Tuberculosis is a disease, and widely accepted as detrimental to human health.
I agree, less tuberculosis = a good thing.

This being a medically related post, more information, and less assumptions is
better for everyone. Thank you for adding context.

------
moralsupply
This has obviously been planned by the cold-blooded Reptilians

------
CamelCaseName
I found this passage interesting (about the impact of climate controlled
environments on resting metabolic rate)

> Changes in ambient temperature may also explain some of the observed change
> in body temperature over time.
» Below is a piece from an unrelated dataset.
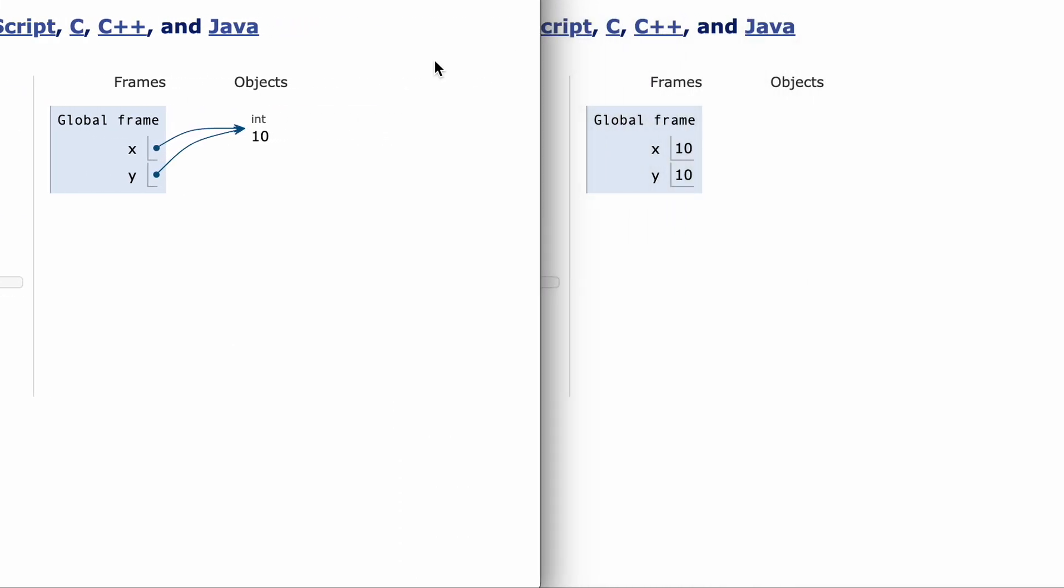In Python it doesn't really matter since primitive values like numbers are immutable, meaning they cannot be changed. It doesn't matter whether there is one copy of 10 or two copies since there's no way to change them.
Maintaining constant body temperature despite
> fluctuations in ambient temperature consumes up to 50–70% of daily energy
> intake (Levine, 2007).

> Resting metabolic rate (RMR), for which body temperature is a crude proxy,
> increases when the ambient temperature decreases below or rises above the
> thermoneutral zone, that is the temperature of the environment at which
> humans can maintain normal temperature with minimum energy expenditure
> (Erikson et al., 1956).

> ... Thus, the amount of time the population has spent at thermoneutral zones
> has markedly increased, potentially causing a decrease in RMR, and, by
> analogy, body temperature.

Source:
[https://elifesciences.org/articles/49555](https://elifesciences.org/articles/49555)

------
hopia
The latest temperature data was measured from patients visiting hospital.
Older people are naturally more prone to health problems and would therefore
be visiting hospital more than younger people, on average.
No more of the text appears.